Many people who struggle with their mental health, don’t tell anyone.
In 2021, there were 3,144 deaths by suicide in Australia. That’s 9 deaths per day. A group of incredible human beings organised an event. They believed that “enough is enough” and that it’s time to TALK. The event was called “Start the Dialogue”. 120 people attended and what transpired was one of the most meaningful and beautiful events I have ever been a part of. I was lucky enough to be invited to facilitate the conversation.
The premise was simple. Quality relationships require quality conversations.
The Harvard Study of Adult Development is the longest study on happiness. It has studied what makes people live long and happy lives for over 80 years. This research details every aspect of the human condition – a variety of careers including one US president, some rich and others poor, an array of sickness’ and addictions with most people from the study eventually dying from anything and everything. The verdict? Quality relationships matter.
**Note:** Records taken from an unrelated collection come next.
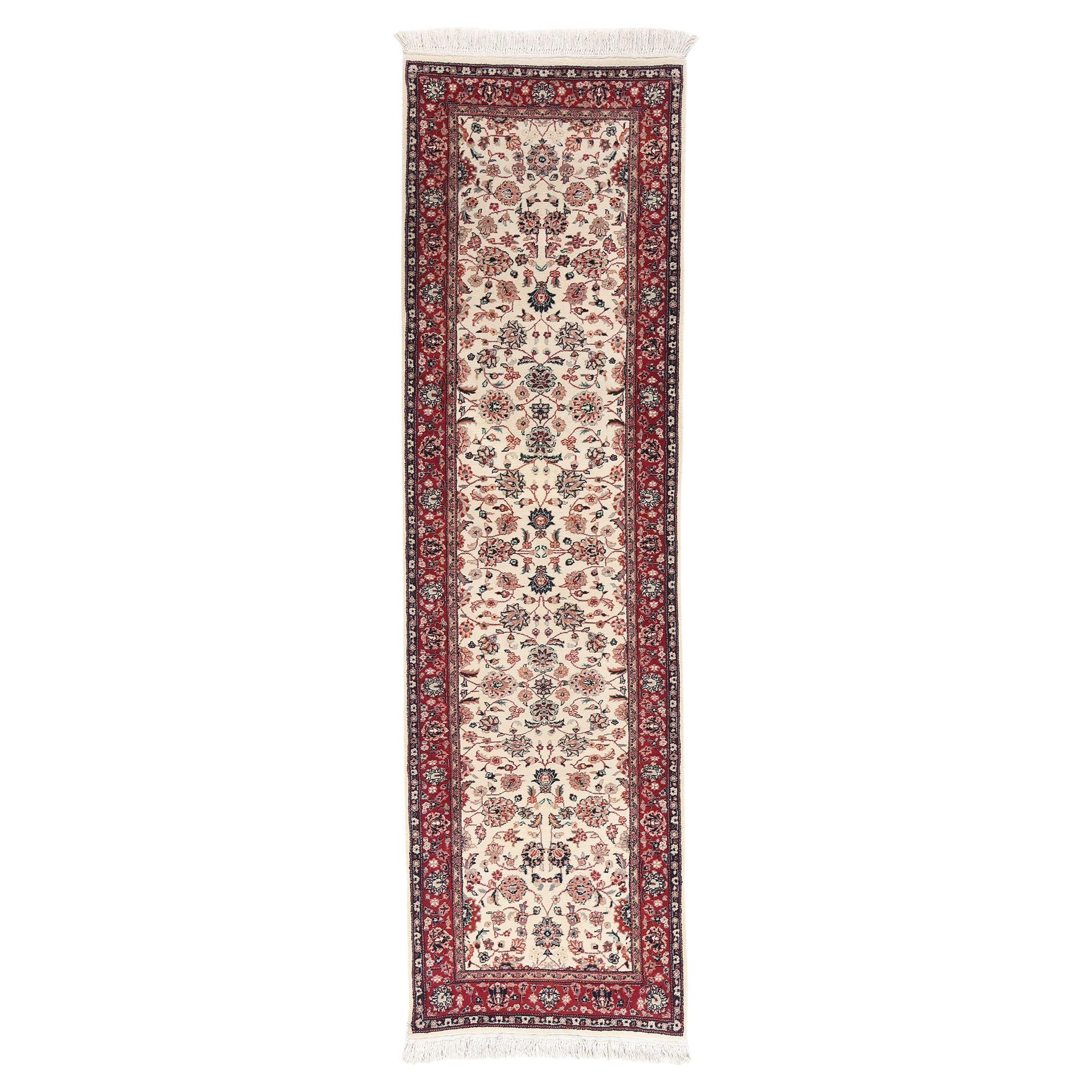 Le couloir de la grâce : Tapis de table chinois Vintage Tabriz avec l
Elegance de Minas en vente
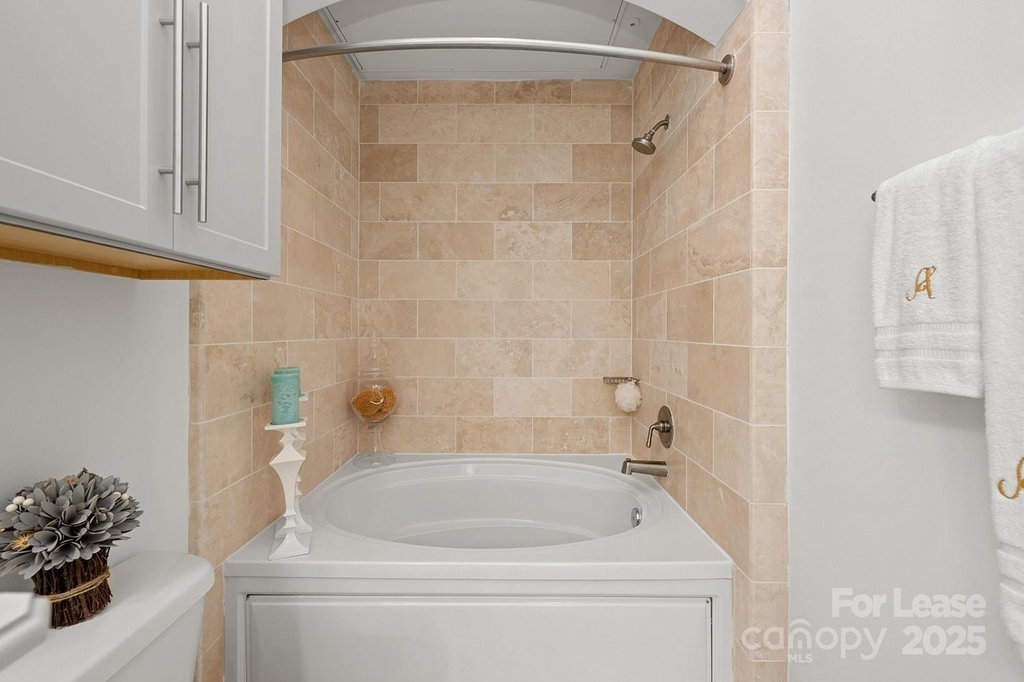 125 W Tremont Avenue - Photo 38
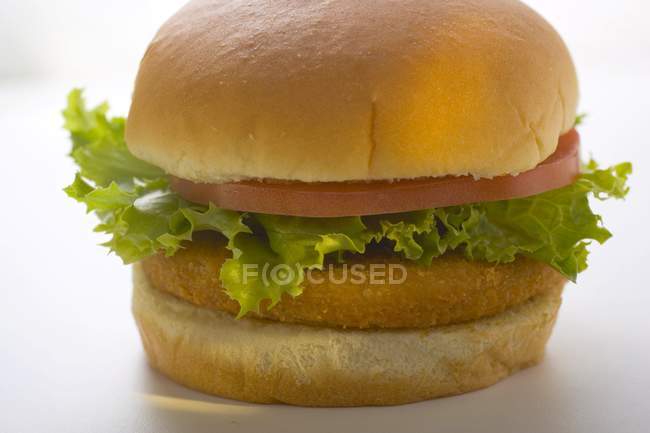 Hambúrguer de frango com tomate — Fotografia de Stock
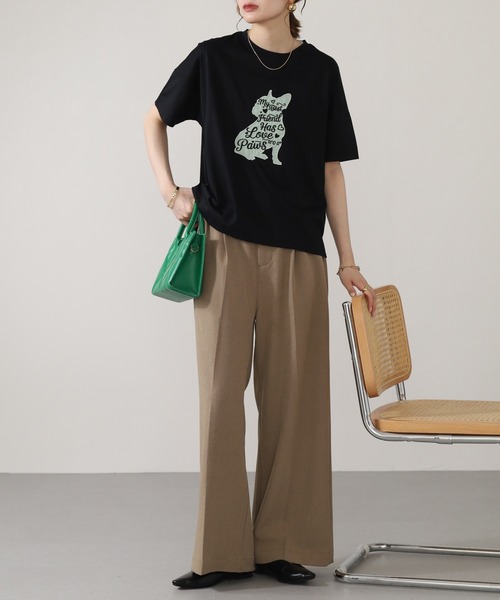 BRODIAEA（ブローディア）の「BRODIAEA 犬モチーフロゴ刺繍半袖Tシャツ（Tシャツ/カットソー・レディース・ブラック/シルバーグレー/グリーン/オフホワイト・40）」の21枚目の写真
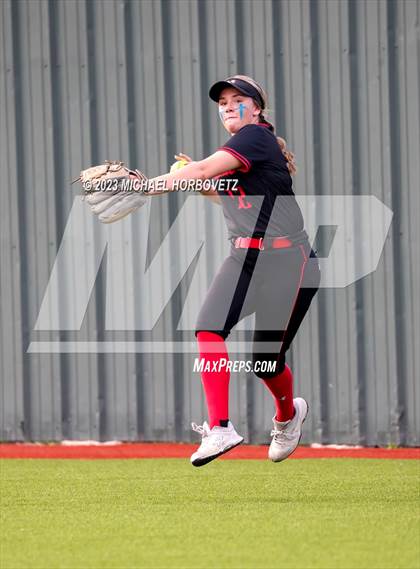 Thumbnail 3 in Forney @ Melissa (UIL 5A Regional Quarterfinals) photogallery.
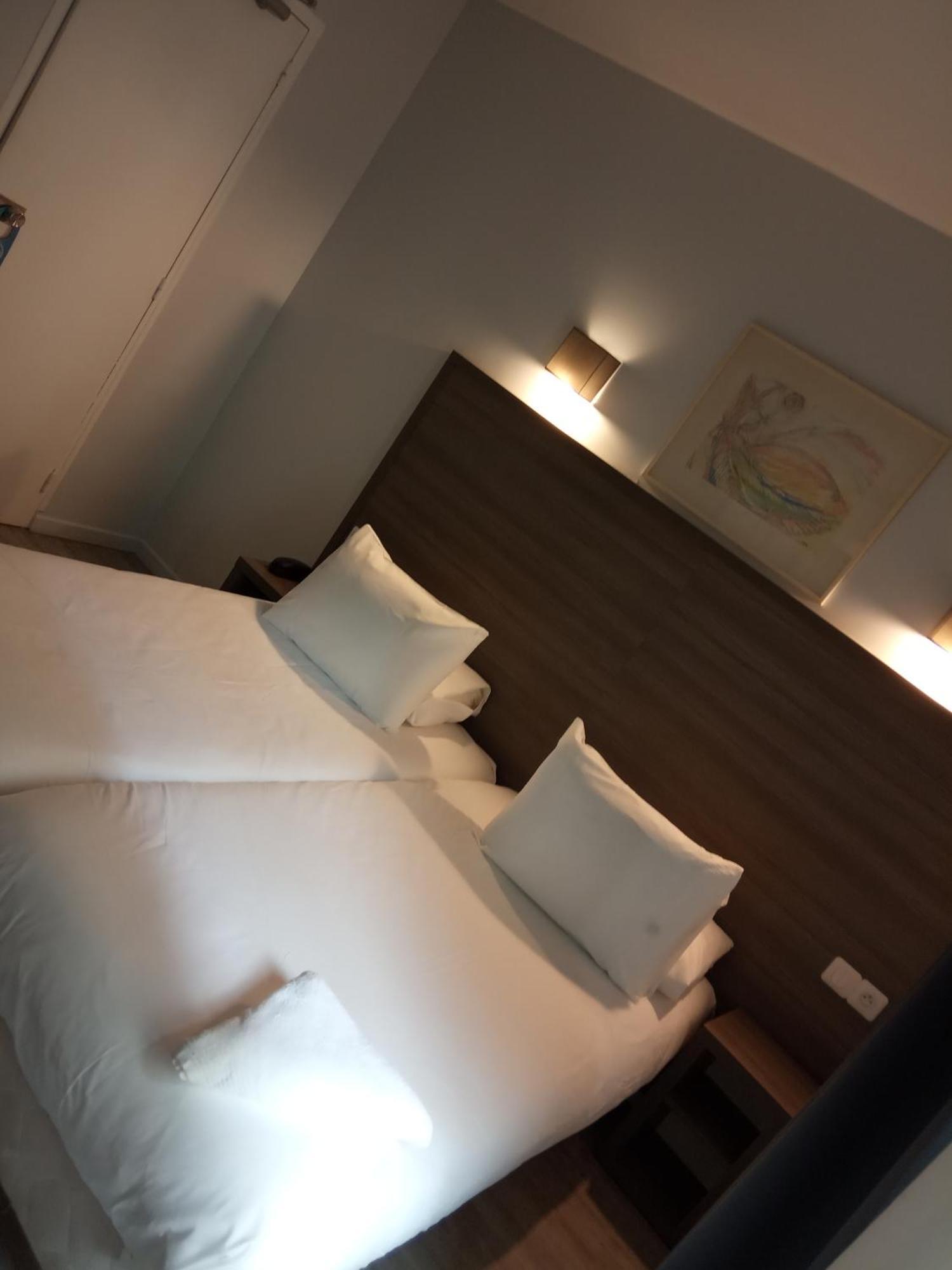Hotel Du Globe 18 Paris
If quality relationships matter, how do we cultivate them? One way is to have quality conversations. This requires asking good questions and listening. To “Start the Dialogue”, we worked on both.
The basics of asking questions and listening to cultivate quality conversations.
- Avoid close-ended questions.
Close-ended questions encourage one worded answers like “yes”, “no”, “good” or “bad”.
E.g Did you have a good day? Yes. These type of questions are like a stop sign on the road to quality conversations. Treat “How are you?” like a close-ended question as well. The answer rarely means anything anymore.
- Ask open ended questions.
Open-ended questions encourage in depth answers. Try it out by starting the question with the following words: why, how, what, describe, tell me about, what do you think about.
Here are some of the good open-ended questions we asked during the event. Some of them turned out to be great.
a) Tell me the story about how you ended up in Australia.
b) What is something you regretted doing as a teenager?
c) What is something your parents don’t know about you?
d) What is something your children don’t know about you?
e) Describe a difficult period in your life. How did you get through it?
f) Who do you look up to most in this world?
Many people learnt something new from people that they have known for years. From the parents, we heard about how some cheated on tests, one met the love of their life in high school and another person who did a “runner” after having a meal in a restaurant. From the young adults, one had changed a report card to fool their parents, a few detailed some very difficult periods in their life and one even mentioned a few years long struggle that their loved ones didn’t know about. These quality conversations strengthened relationships and forged new ones. It all started with a question.
- After you ask the question, shut up.
This is the hardest part. Let the silence do the heavy lifting. Humans are wired to fill the silence. In the midst of this silence, listen carefully to what the person is saying. Be curious.
- Listen actively.
Actively ask follow up questions to better understand. Again, be curious. Don’t just wait for them to stop so you can say what you want to say. That’s not listening. As Dale Carnegie said, “first seek to understand, then to be understood.”
- Withhold judgement.
Quality conversations require vulnerability. Jerome Lugo and Connor Scott define vulnerability as opening yourself to judgement. What would be required for someone to open themselves to be judged? Telling a parent that they are gay, coming forward about a mistake, opening up about a struggle with mental health. Whatever it is, for these type of conversations to occur, you need to withhold judgement. Don’t offer your own thoughts or opinions, unless it is asked for. Just listen actively (see 4). Again, “first seek to understand, then to be understood.”
The first step is to decide that relationships are important. Cultivate new relationships. Strengthen existing relationships. Perhaps slowly let go of relationships that are no longer serving you or them.
The second step is to become intentional about cultivating quality relationships. This can be done in many ways. You can start by asking good questions. Once in a while, they will be great questions. You won’t know until you ask.
Many people who struggle with their mental health, don’t tell anyone. Quality relationships, fuelled by quality conversations, can provide the space for people to open up. At the very least, you may find out that your Dad once did a “runner”.
Much love to you and of course, myself.